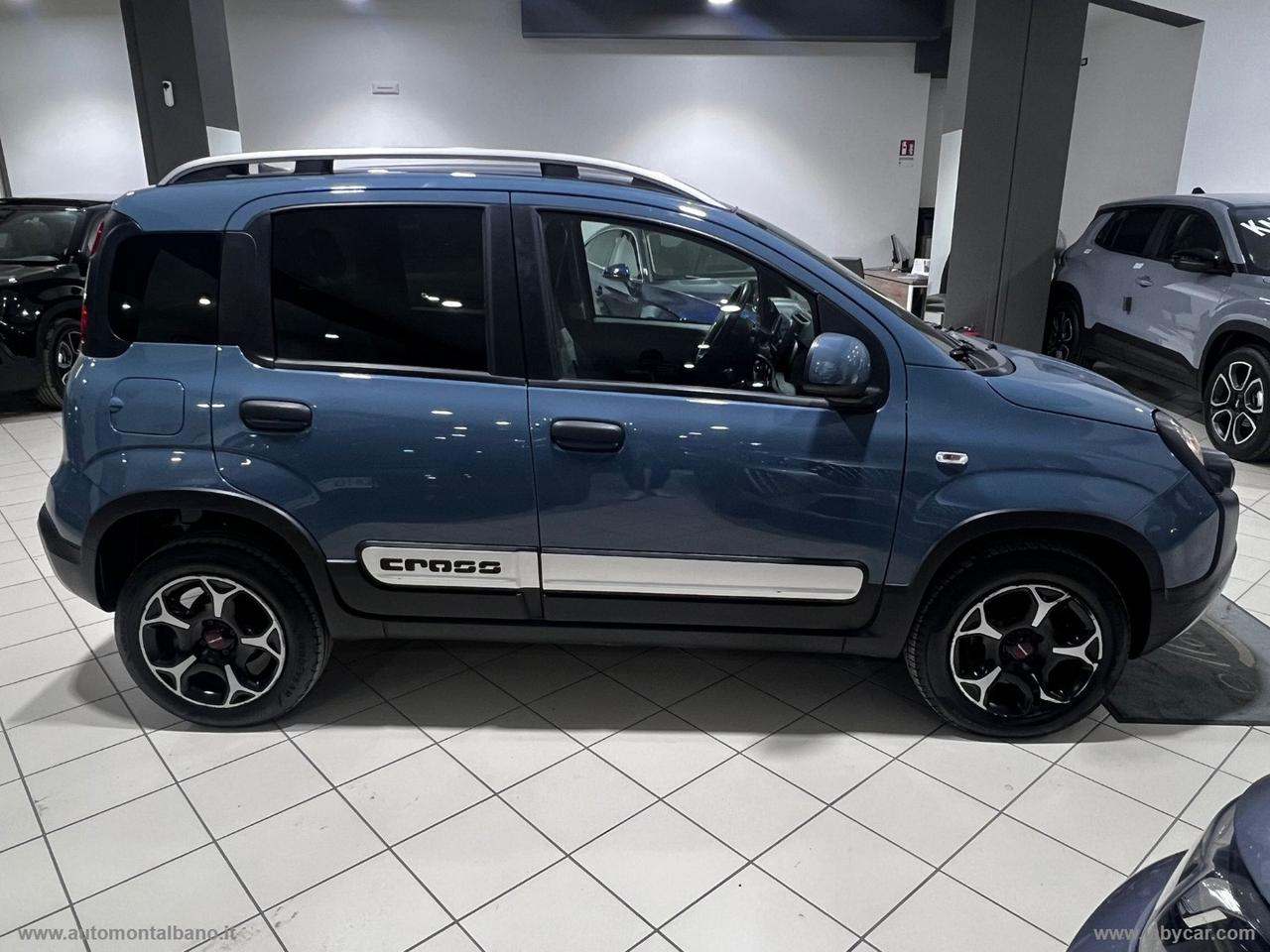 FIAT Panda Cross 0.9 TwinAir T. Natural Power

* * *

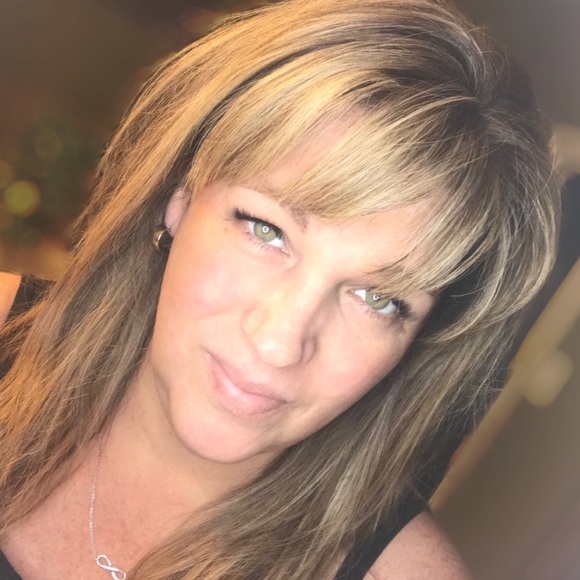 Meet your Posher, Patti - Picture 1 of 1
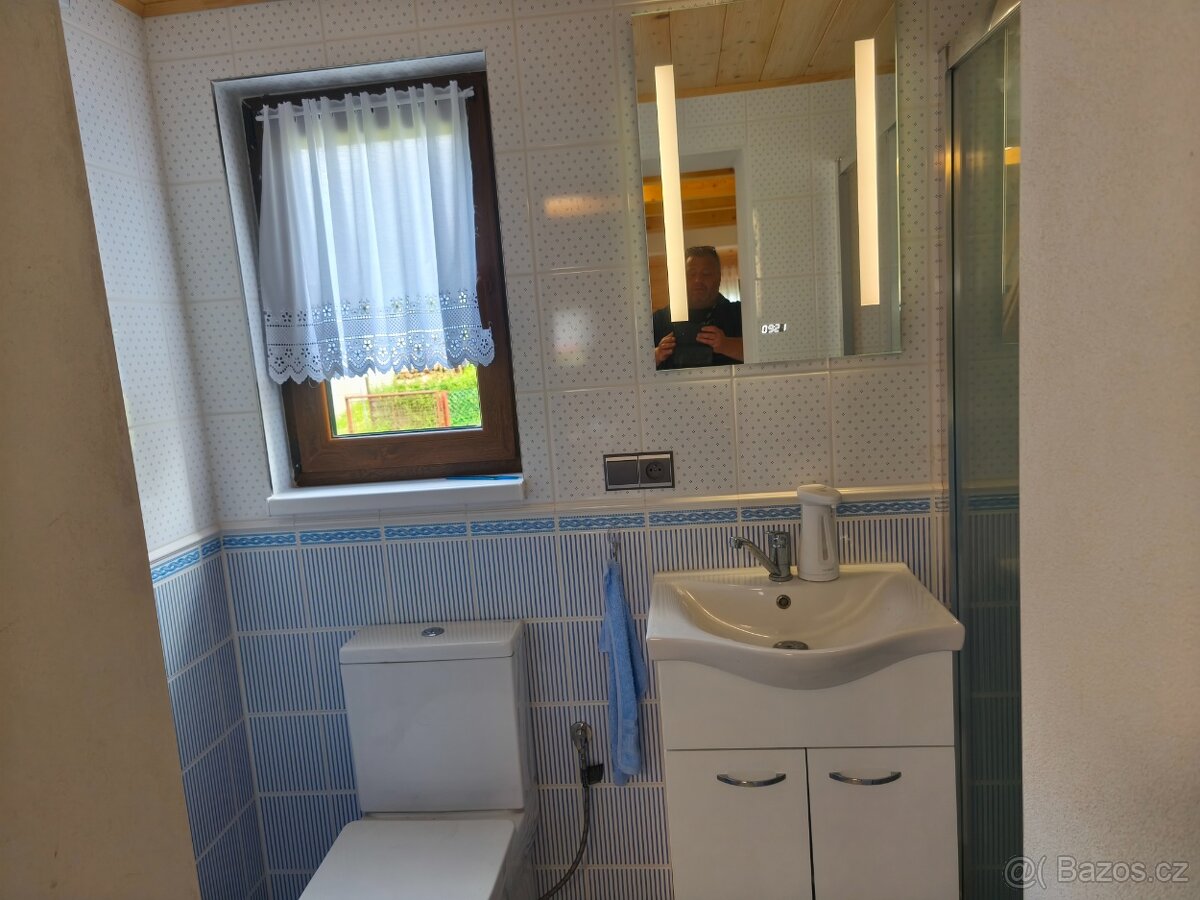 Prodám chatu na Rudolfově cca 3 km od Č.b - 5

◆ WHAT TO WORK ON ◆
Retype only the lines above from the one with "Meet your Posher, Patti - Picture 1 of 1" through the one with "Prodám chatu na", exactly and with both ends. Images stay out.

◆ OUTPUT OF THE TASK ◆
 Meet your Posher, Patti - Picture 1 of 1
 Prodám chatu na Rudolfově cca 3 km od Č.b - 5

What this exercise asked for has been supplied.